[WORK ORDER] Write out the stretch of lines below that begins at the line with "Modernes Apartment *Liobablick" and ends at the line with "Robinson Announcement", including both, exactly as given and nothing more.

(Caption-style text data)
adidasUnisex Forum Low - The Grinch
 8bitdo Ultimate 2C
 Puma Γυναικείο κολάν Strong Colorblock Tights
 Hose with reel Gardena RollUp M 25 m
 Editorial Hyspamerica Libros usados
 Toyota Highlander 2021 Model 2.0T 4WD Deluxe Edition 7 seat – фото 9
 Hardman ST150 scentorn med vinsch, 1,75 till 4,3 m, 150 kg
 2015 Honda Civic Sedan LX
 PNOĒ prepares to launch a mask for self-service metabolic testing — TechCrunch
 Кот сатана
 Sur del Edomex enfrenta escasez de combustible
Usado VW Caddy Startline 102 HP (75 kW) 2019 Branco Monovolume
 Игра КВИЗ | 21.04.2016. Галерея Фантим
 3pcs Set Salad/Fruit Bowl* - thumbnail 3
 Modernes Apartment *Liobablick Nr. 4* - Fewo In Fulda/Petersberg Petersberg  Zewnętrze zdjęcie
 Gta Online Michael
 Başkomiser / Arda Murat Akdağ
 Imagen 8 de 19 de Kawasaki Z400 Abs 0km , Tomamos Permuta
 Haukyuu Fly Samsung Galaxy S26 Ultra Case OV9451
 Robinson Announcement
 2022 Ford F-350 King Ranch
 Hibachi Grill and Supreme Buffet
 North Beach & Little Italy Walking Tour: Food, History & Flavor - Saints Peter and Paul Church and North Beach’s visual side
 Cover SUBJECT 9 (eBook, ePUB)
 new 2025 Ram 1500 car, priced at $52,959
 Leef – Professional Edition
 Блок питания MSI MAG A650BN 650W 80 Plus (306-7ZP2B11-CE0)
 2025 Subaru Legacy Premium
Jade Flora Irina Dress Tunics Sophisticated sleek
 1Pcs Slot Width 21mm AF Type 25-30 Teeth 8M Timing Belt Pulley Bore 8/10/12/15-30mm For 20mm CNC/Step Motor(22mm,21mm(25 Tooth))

[ANSWER TO THIS EXERCISE]
 Modernes Apartment *Liobablick Nr. 4* - Fewo In Fulda/Petersberg Petersberg  Zewnętrze zdjęcie
 Gta Online Michael
 Başkomiser / Arda Murat Akdağ
 Imagen 8 de 19 de Kawasaki Z400 Abs 0km , Tomamos Permuta
 Haukyuu Fly Samsung Galaxy S26 Ultra Case OV9451
 Robinson Announcement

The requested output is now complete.